第12章 ステップシスター
茶会から時は飛ぶ様に過ぎ、それから1週間が経とうとしていたある日。
七袖はオングとバルキエルと合流する為、一旦禁楼の外へ。
セレステは禁楼を散策すると言ってシャーロットのお付きの者に連れられ楊美宮を後にし、ハヅキはシャーロットと2人きりで取り残された。
シャーロットは七袖とセレステがいない分、いつもよりも勢い良く被っている猫を脱ぎ去る。
「ちょっとそこの使用人、午後のお茶はまだ?」とシャーロットが冷たくハヅキに命令する。
「えー、シャーちゃん。本当に私の煎れたお茶でいいの?」と自信なさげにハヅキは答えた。
すると明からさまにチッと舌打ちをすると「それもそうですわね。不味いお茶は結構ですわ。」と言いながら楊美宮の調理場へ向かった。
特にやる事のないハヅキも後に続く。
「それでお友達は出来ましたの?もうマギアの中等部なのでしょう?」と、突然シャーロットが珍しく普通の会話を始めた。
(シャーちゃんとのガールズトーク……違和感が半端ない……)だがハヅキは気を取り直して答える。
「うふふ、そうよ。初めてのお友達だって出来たんだから!ソフィアって言うのよ。」とハヅキは自信満々だ。
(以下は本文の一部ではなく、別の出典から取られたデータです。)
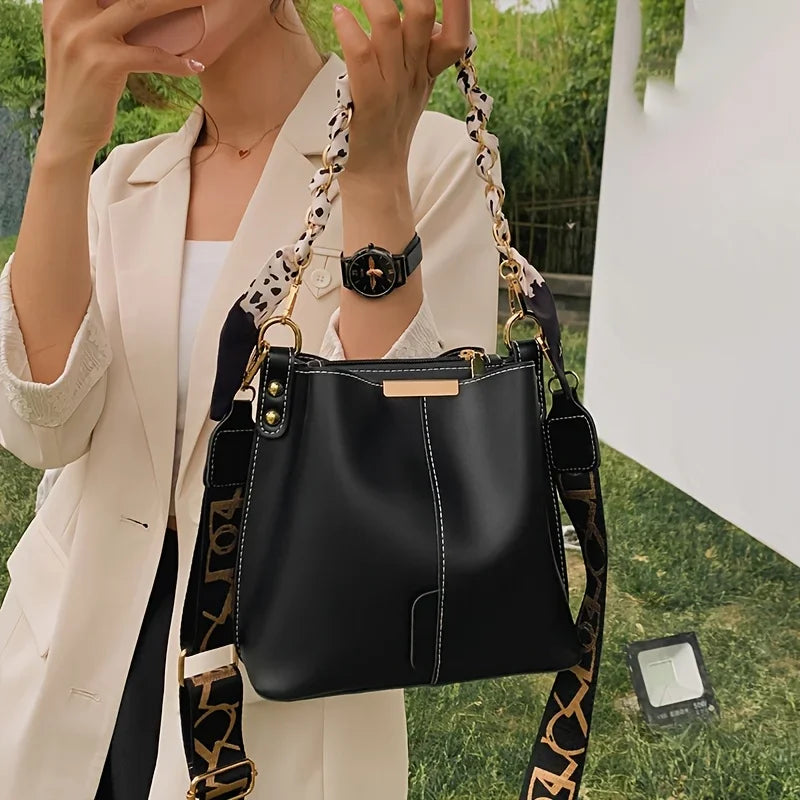Delphine Ribbon-Chain Bucket Bag Secondary image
予想通り大袈裟に驚いた様子を一頻り見せた後、シャーロットが続ける。
「背も胸も成長は見られませんのに、人間としては少しはマシになった様ね。」
その恐ろしく遠回りな褒め言葉にハヅキは少しだけホッコリとした。
「もー、胸は無いのはシャーちゃんだって一緒…」とまで口にした所でシャーロットの平手打ちが飛んだ。
だがハヅキはそれを軽やかに躱す。
「あーら、すばしっこい所も変わっていませんのね。」とシャーロットが畳み掛ける。
「あーら、そのインチキ巻き毛も変わっていませんのね。」とハヅキも引かない。それどころかシャーロットの口真似をして立ち向かってみる。
少女達の戯れ合う姿は、調理場の給仕達から見えれば姉妹の様であったに違いない。
事実ハヅキも、シャーロットとの時間を楽しく感じていた。
グロシャークにいた時はただのいじめっ子だったシャーロットは、禁楼に来て立派な淑女へと成長していた。
ハヅキが気丈に振る舞うシャーロットを見ると、皇帝シヴァの妃の1人としての誇りと、故郷を恋しく想う少女の姿が重なって映った。
そうか私にはもう1人姉がいたのか……と、ハヅキは思った。
恥ずかしいので絶対口にはしないが、このツンデレ巻き毛の分かりにくい優しさをハヅキが感じないではいられなかったのだ。
午後のお茶を飲み干すと、妃達の集会に赴くシャーロットをハヅキは楊美宮の門から見送った。
すると馬車に乗り込もうとしたシャーロットがふと後ろを振り返って、ハヅキに小声で呟いた。
「全く心外ですわ。あなたの最初のお友達はアタクシのハズでしょう。」
そう言うとプイっとそっぽを向き、馬車のドアをパタンと閉め行ってしまった。
「なんか今日はデレモード全開。」とハヅキは走り去って行く馬車を見つめながら言った。
(お友達じゃなくて、お義理姉さんだもん。)
僕も義理の姉妹が2人います。シスコンです。と非常にいらない情報を入れて見たり。